-------- DATA --------
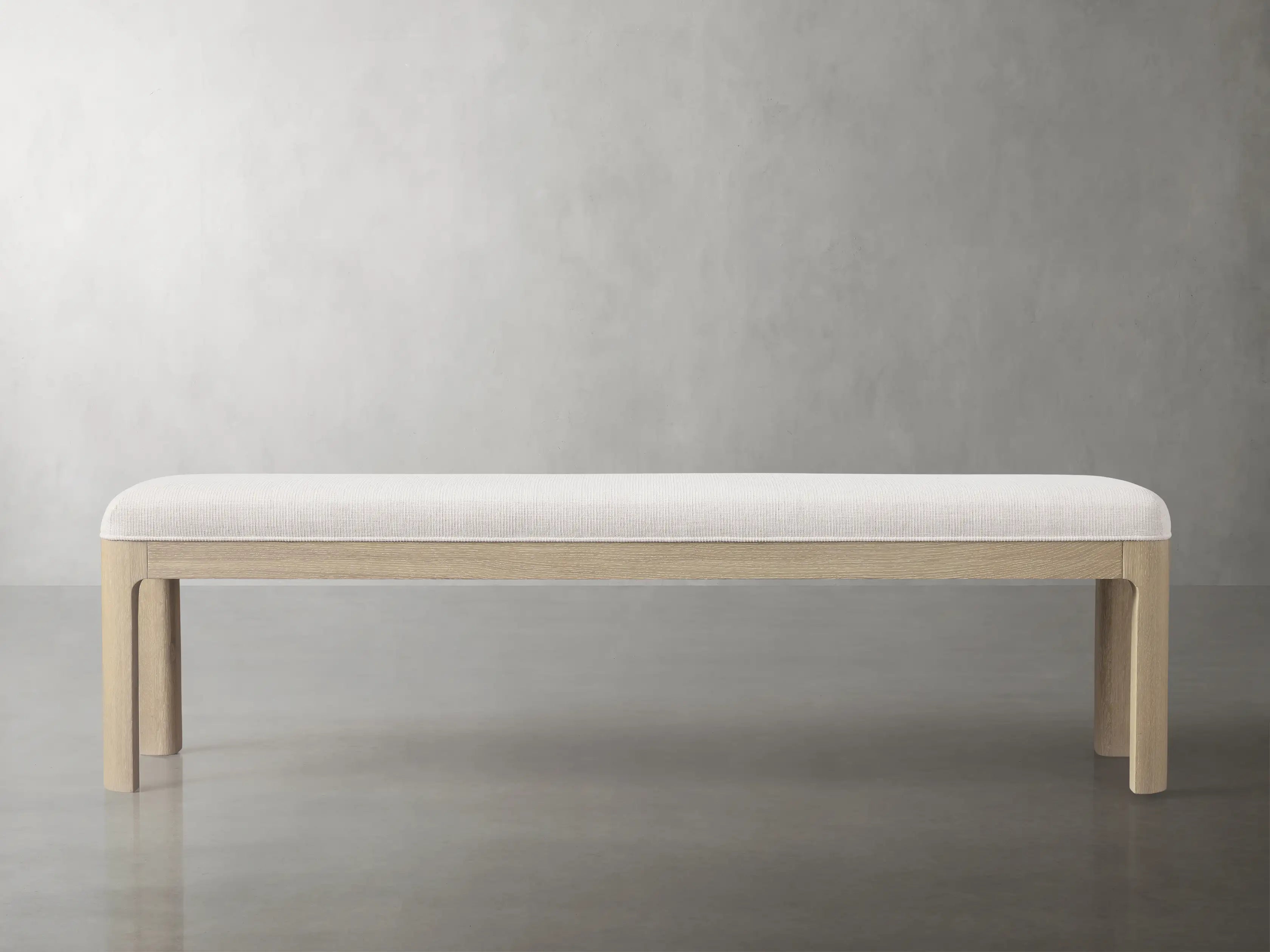 Callie Bench - Modern Wooden Entryway Bench with Storage | Stylish & Durable for Hallway, Living Room, Bedroom | Perfect for Shoe Storage & Seating
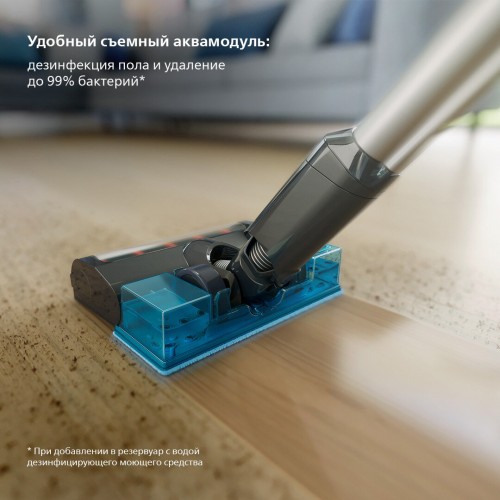Вертикальный пылесос Philips Aqua 3000 XC3133/01 (черный/серебристый) 5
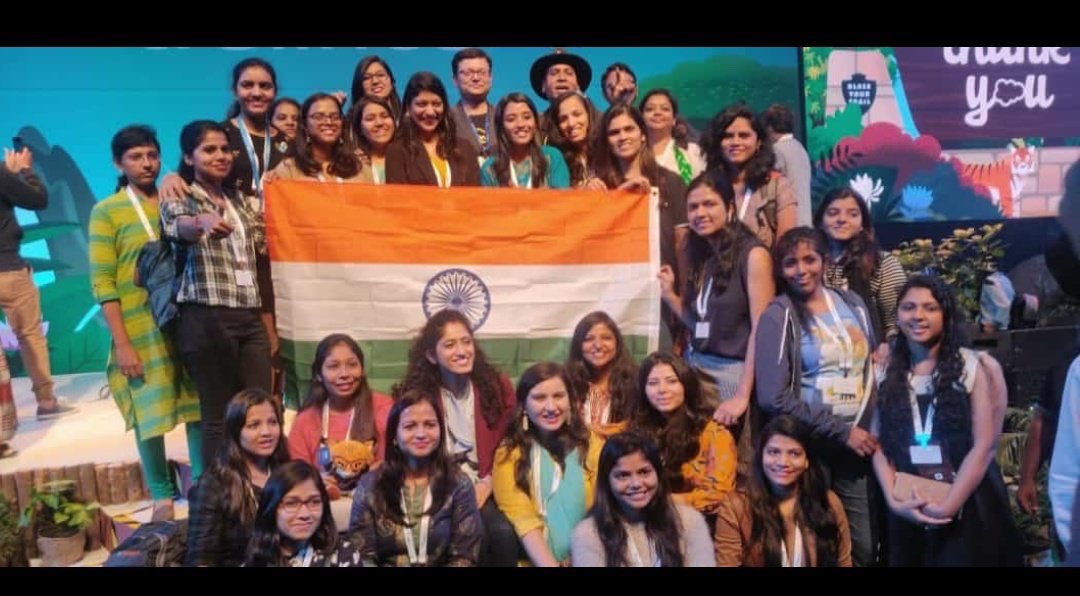 kavindrapatel's tweet photo. India WIT leaders, let #TDXIndia19 be a launchpad for all women in India 🇮🇳!  You are all special and have a great platform to represent others. Cannot wait to see what 2020 will bring. I do not want to miss any of the WIT leaders. Please add others. 🙏🏼🤠 https://t.co/R5VJeG3ouj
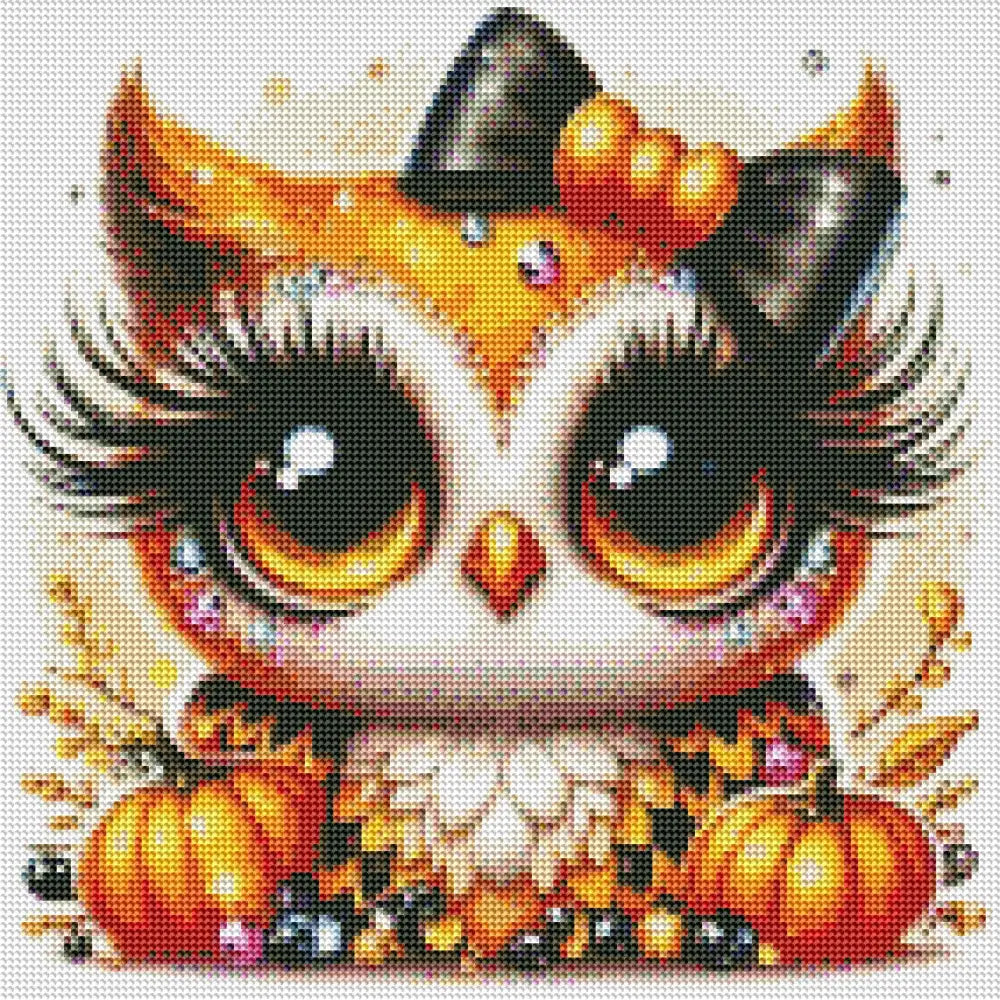 Autumn Bling Owl - Art & Craft Kits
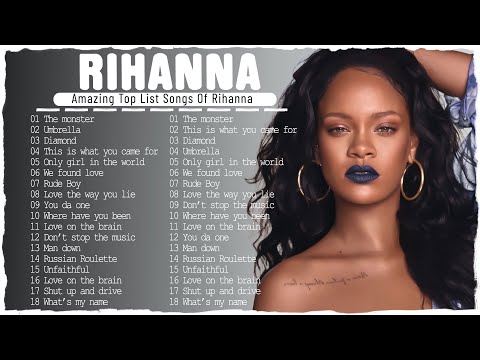 ????Rihanna New Playlist 2023????  Best Song Playlist Full Album 2023 ⚜️ I Bet You Know These Songs⚜️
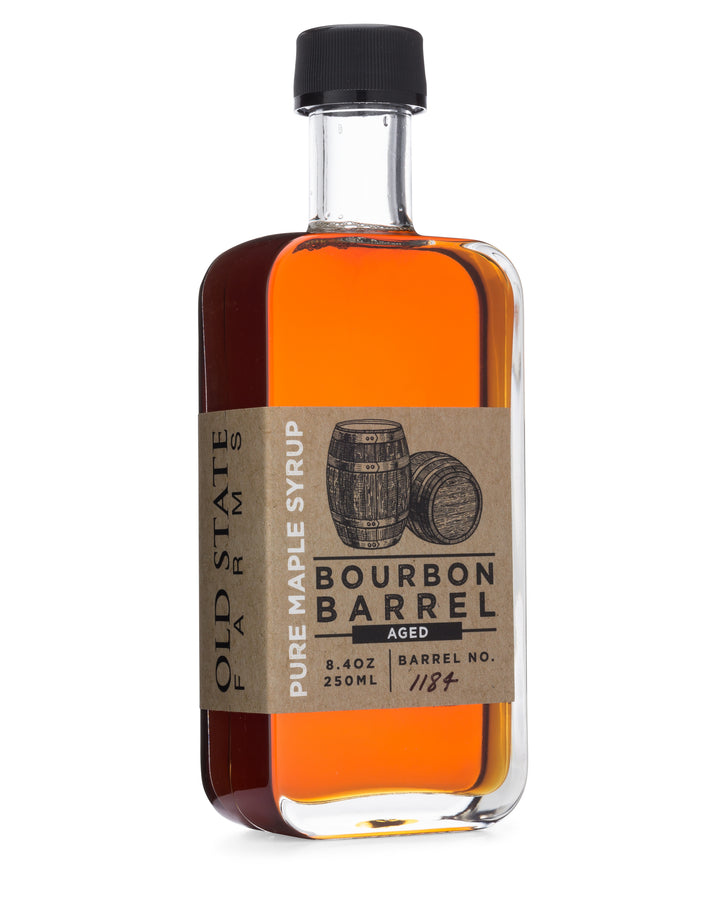 Bourbon Barrel-Aged Maple Syrup - Runamok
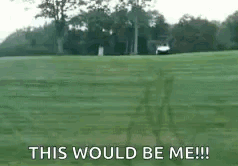 Golf Cart Driving This Would Be Me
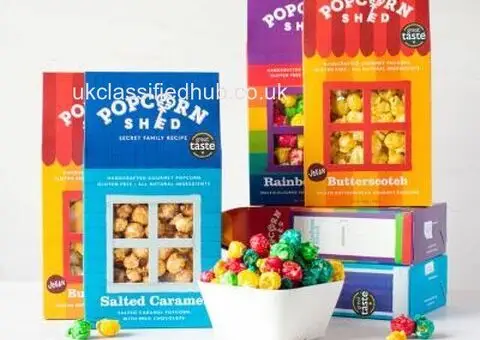 Housewarming Gifts: Luxury Popcorn Treats for New Home Celebrations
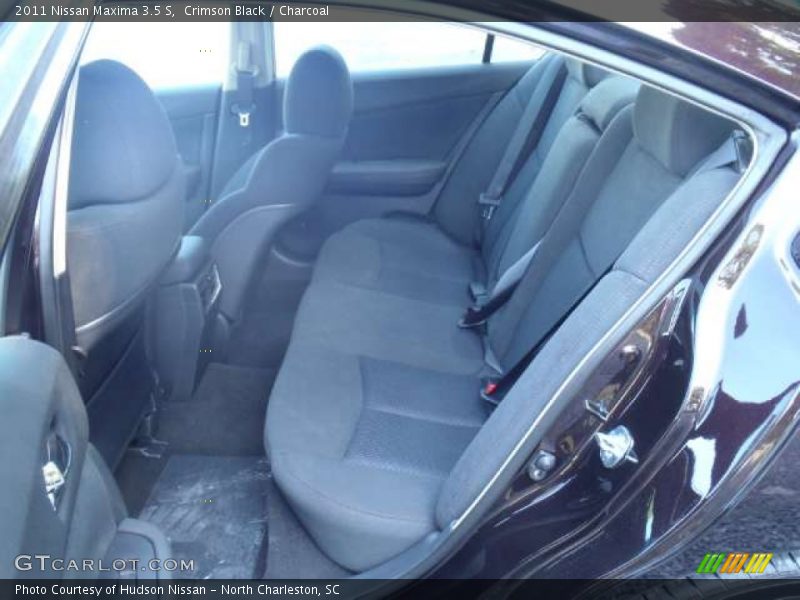 Crimson Black / Charcoal 2011 Nissan Maxima 3.5 S
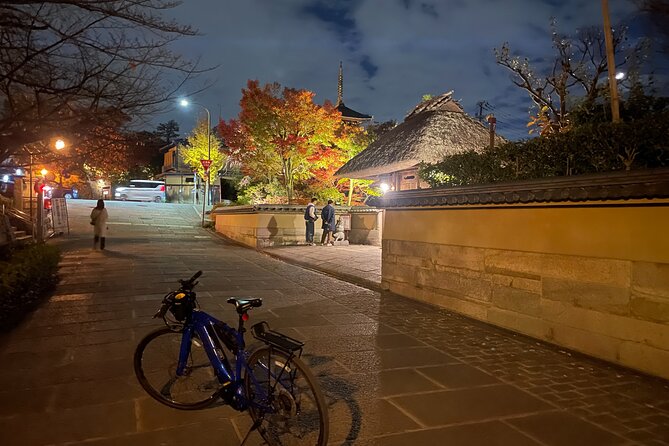 Kyoto Higashiyama Night Cycling Tour - Local Insights and Cultural Immersion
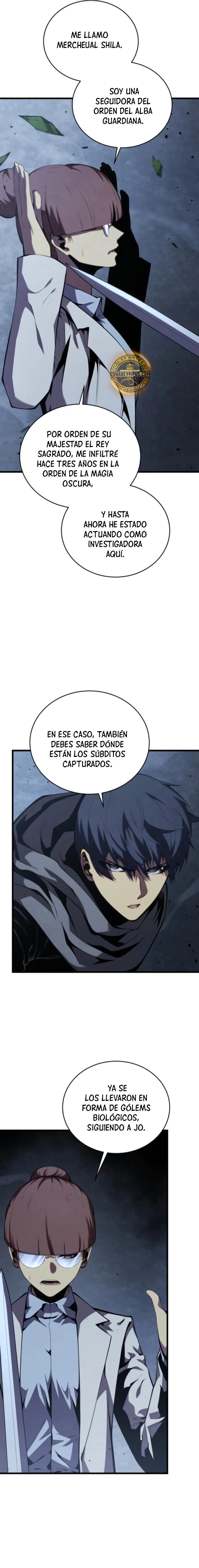 El hijo menor del maestro de la espada > Capitulo 169 > Page 191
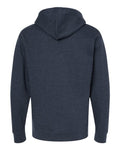 Independent Trading Co. SS4500Z Classic Navy Heather — back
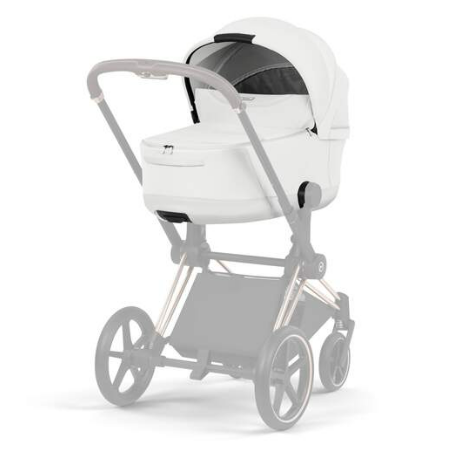Cybex | Draagmand vr Priam Style Foldable Carry Cot Off White NEW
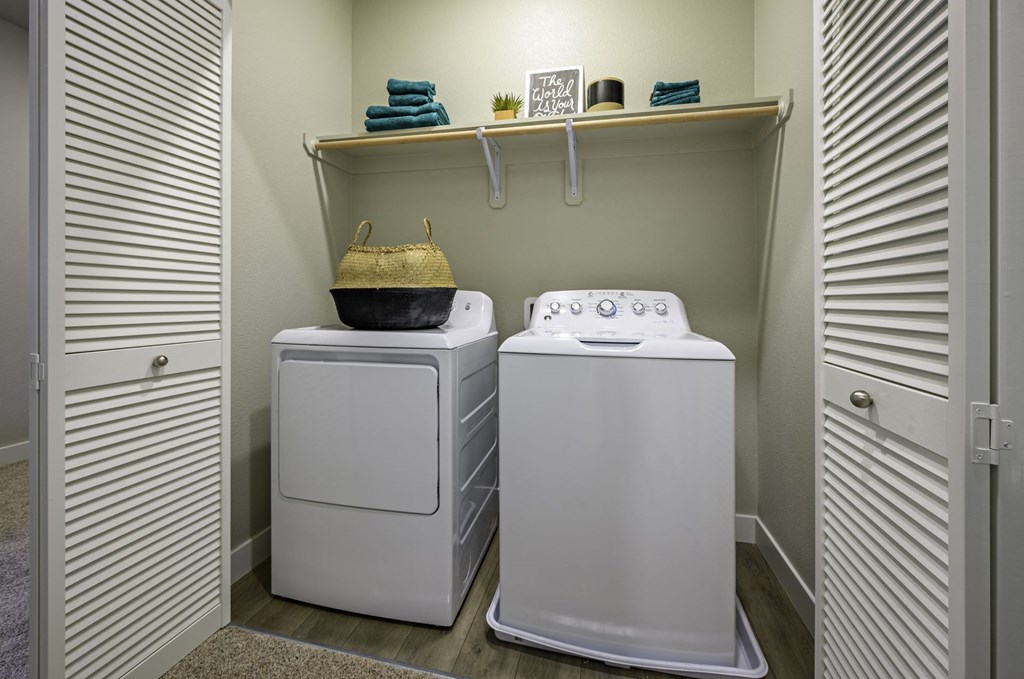 Laundry Area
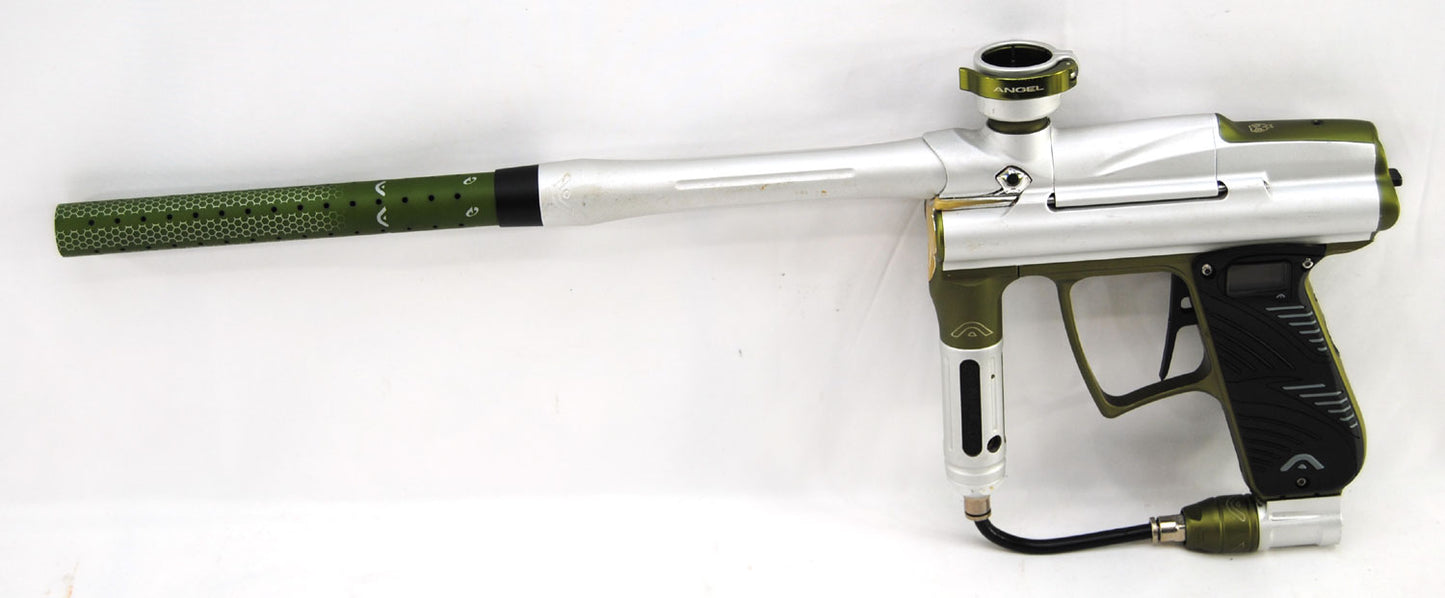 Used Angel A1 Fly - Olive / Silver - Angel Paintball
--------
» **TASK**: Keeping pictures out, repeat exactly the lines from the one containing "Cybex | Draagmand" through the end of the listing.

» **ANSWER**:
Cybex | Draagmand vr Priam Style Foldable Carry Cot Off White NEW
 Laundry Area
 Used Angel A1 Fly - Olive / Silver - Angel Paintball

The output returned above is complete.